Das wunderschöne Bergdorf Speloncato
Am dritten Tag stehen die Bocca di Battaglia und die Olmi Capella auf dem Programm. Auf der Fahrt zu unserem Ausgangspunkt halten wir unterwegs an und genießen den herrlichen Blick auf das wunderschöne Bergdorf Speloncato, das wie ein Vogelnest am Berg klebt. Vermutlich eines der meistfotografierten Orte Korsikas. Von der Bocca di Battaglia wandern wir durch einen Eichenwald zur Olmi Capella. Hier kehren wir in der L’osteria für einen Kaffee ein – wer möchte mit Schnapseinlage. Am Ende der Wanderung werden wir hier auch unser Abschlussbier trinken. Unser Rundweg führt uns zum Dorf Mausoleo und von dort zu einer alten Römerbrücke. Dann geht es bergauf zurück nach Olmi Capella. Die Tour ist mit 250 HM im Auf- und 600 HM im Abstieg moderat.
Calvi, die Schöne
Der nächste Tag ist wanderfrei. Wir nutzen die freien Stunden für eine Fahrt mit dem „Feurigen Elias“ nach Calvi. Die Fahrtstrecke zur korsischen Stadt im Nordwesten ist schön. Besonders die Anfahrt auf die halbmondförmige Bucht ist beeindruckend. Vom Bahnhof aus suchen wir den Einstieg zur Wallfahrtskapelle Notre Dame de la Serra. Was im Reiseführer als Spaziergang beschrieben ist, ist tatsächlich eine schweißtreibende Angelegenheit, da der Weg zur Kapelle nicht nur steil, sondern auch steinig ist. Oben angekommen genießen wir ein fantastisches Panorama auf die Innenstadt und die Zitadelle. Letztere schauen wir uns später auch noch ausführlich an. Angeblich soll hier Christoph Kolumbus geboren sein. Nach so viel Anstrengung und Kultur müssen wir uns dringend bei einem Drink entspannen. Am Hafen können wir das bei einem schönen Ausblick tun und den Abend auf uns zukommen lassen. Kur nach 17 Uhr treten wir den Rückweg ins Hotel an. Wieder nutzen wir den Feurigen Elias dafür. Unterwegs erleben wir einen wunderschönen Sonnenuntergang.

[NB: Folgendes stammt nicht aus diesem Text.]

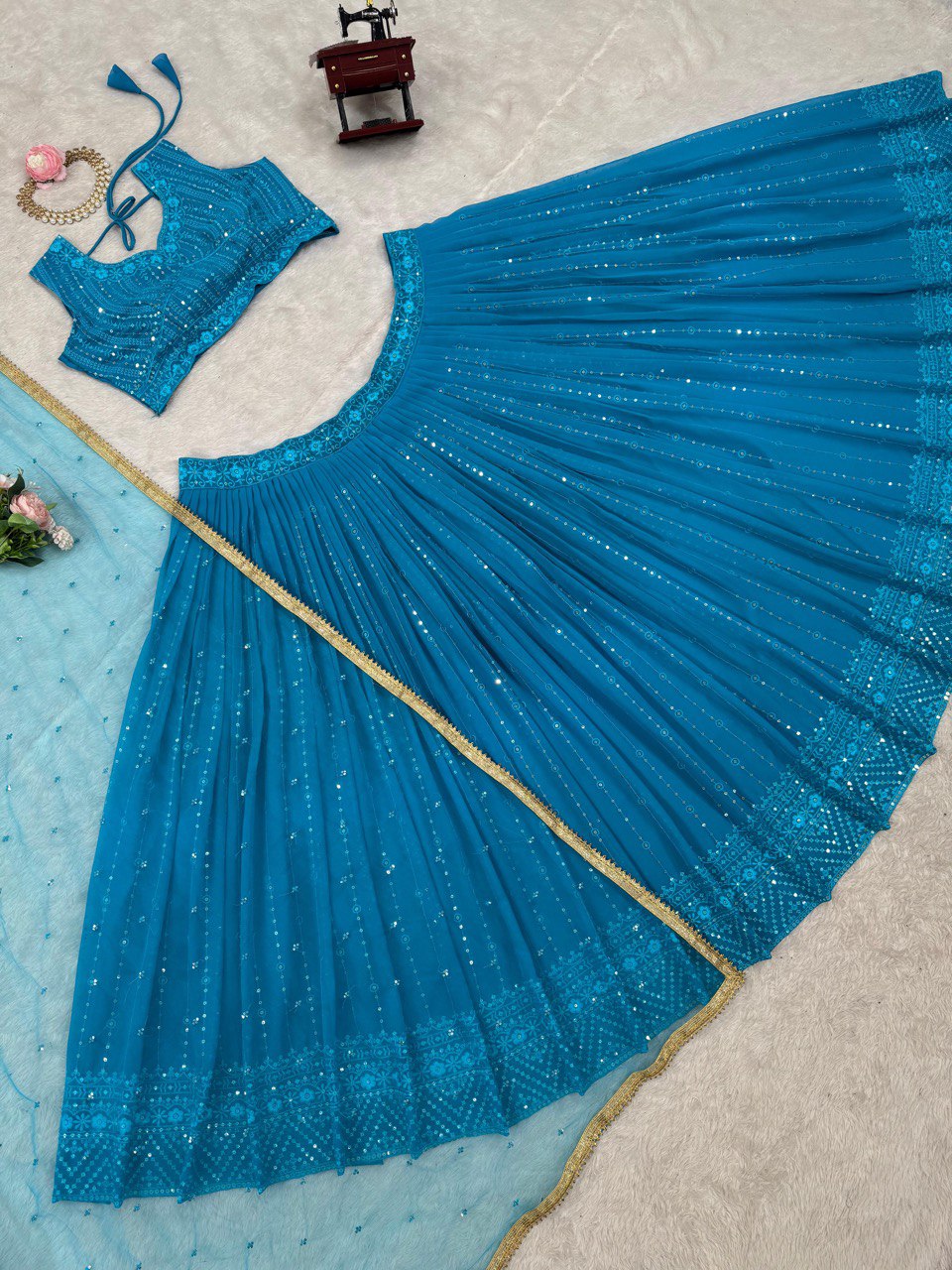 Sky Blue Elegant Fox Georgette Semi-Stitched Lehenga Set with Sequin Embroidery & Butterfly Net Dupatta ClothsVilla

Die letzten beiden Wanderungen lassen mein Herz nochmals höher schlagen: es geht endlich auf einen Berg! Am Donnerstag unternehmen wir eine Küstenwanderung an der Désert des Agriates. Wir besteigen den Punta Liatoghju (222 m) oberhalb vom Ostriconistrand. Wie immer lohnt sich der Aufstieg: die Aussicht über das Ostriconital ist wundervoll. Die schönste Wanderung, wie ich finde, unternehmen wir aber am letzten Tag. Es geht direkt am Hotel los. Wir wandern am Kloster Corbara vorbei zum aussichtsreichen Gipfel des Monte Sant’Anglo (562 m). Am Ziel eröffnet sich ein fantastischer Blick über die Küste, der von Algajola bis zur Ile Rousse reicht. Nach einem gegenseitigen Fotoshooting geht es ins Dorf Sant Antonio. Dort erwartet uns im Clos Antonini ein Buffet mit korsichschen Wurst- und Käsespezialitäten. Einfach lecker! Der Abstieg erfolgt übere das Kloster Corbara bevor wir im Künstlerdorf Pigna auf der spektakulären Terrasse des A Casarella einen Abschlusstrunk zu uns nehmen. Auf dem Heimweg zum Hotel kommen wir an einer großen Ziegenherde vorbei, die uns neugierig beobachtet. Eine tolle Wanderung mit fantastischen Ausblicken auf die „Alten Dörfer“ von Korsika.
Am Samstag geht unsere Wanderwoche zu Ende. Für uns hat alles gepasst: Tolles Wetter, gutes Hotel und schöne Wanderungen. Und wer weiß, vielleicht kommen wir ja nochmal wieder und lernen den Rest der Insel kennen.